◆ What to produce ◆
Exactly the lines from the one with "this 1000×667 image." through the end of the records below are needed, minus any pictures.

Top of Extracted entries

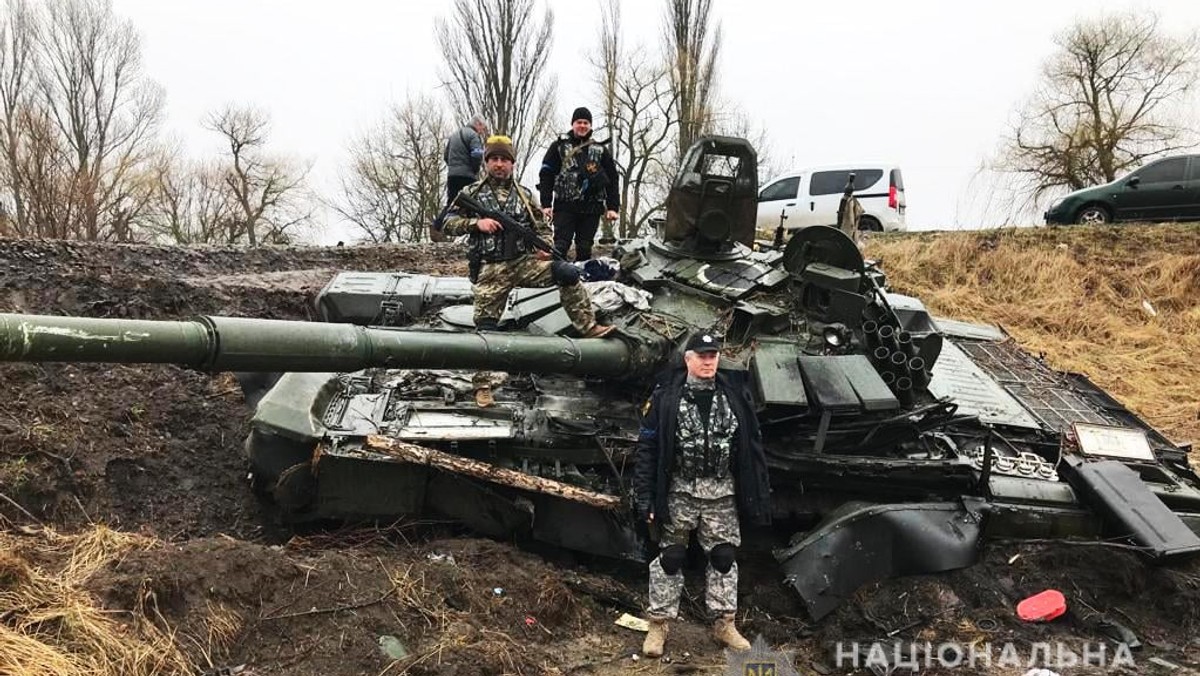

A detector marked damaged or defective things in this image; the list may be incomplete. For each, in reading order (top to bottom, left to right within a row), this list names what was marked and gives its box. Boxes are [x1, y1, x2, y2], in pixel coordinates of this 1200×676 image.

damaged tank [2, 135, 1200, 620]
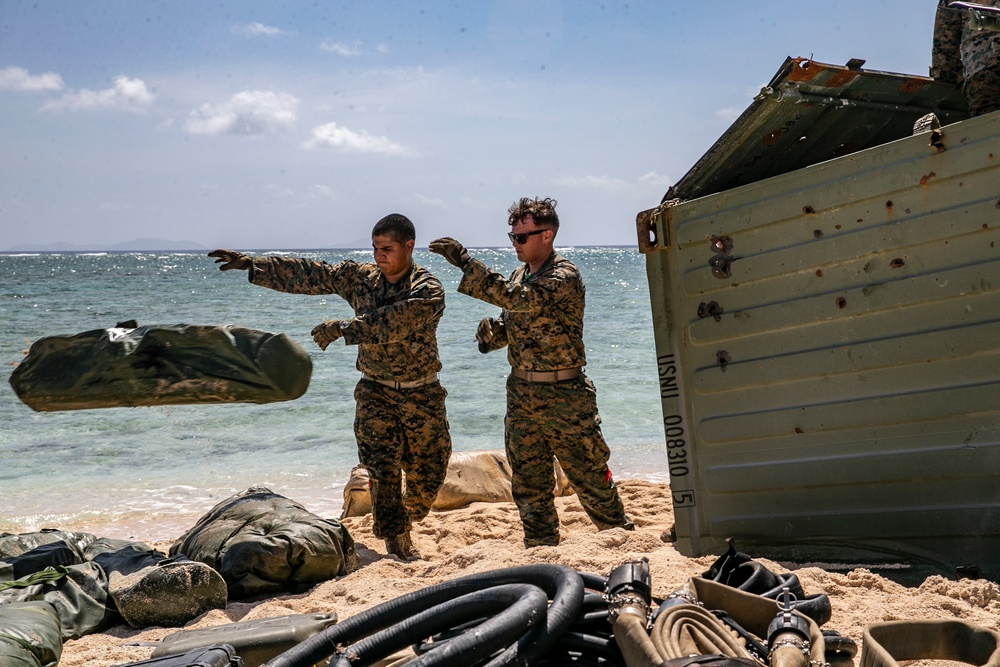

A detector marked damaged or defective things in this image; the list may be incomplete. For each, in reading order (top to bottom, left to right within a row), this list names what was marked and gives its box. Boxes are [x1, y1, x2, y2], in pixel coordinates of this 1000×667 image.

rusted metal panel [664, 57, 968, 204]
rusted metal panel [636, 82, 1000, 576]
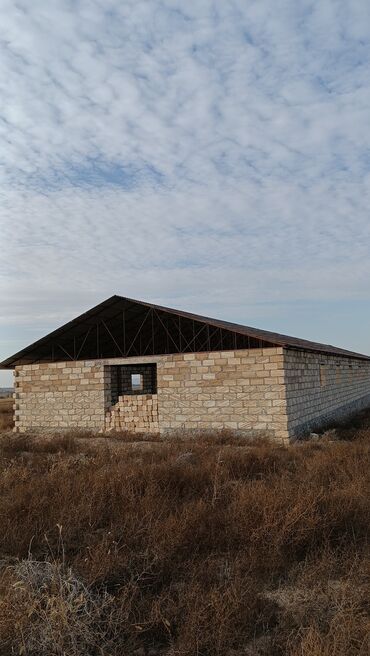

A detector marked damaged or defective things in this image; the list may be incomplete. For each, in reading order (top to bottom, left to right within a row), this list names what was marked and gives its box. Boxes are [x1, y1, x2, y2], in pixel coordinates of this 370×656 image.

rusty metal roof [0, 294, 370, 366]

Bottom of Extracted entries

◆ Response for this exercise ◆
A detector marked damaged or defective things in this image; the list may be incomplete. For each, in reading order (top to bottom, left to right within a row), this list names what was marked and gives its box. Boxes are [x1, y1, x2, y2], in pixel coordinates of this 1000×667 image.

rusted metal panel [664, 57, 968, 204]
rusted metal panel [636, 82, 1000, 576]

A detector marked damaged or defective things in this image; the list may be incomplete. For each, in reading order (top to bottom, left to right within a row), this list names what was marked and gives its box. Boxes are [x1, y1, x2, y2], in pixel coordinates of this 370×656 image.

rusty metal roof [0, 294, 370, 366]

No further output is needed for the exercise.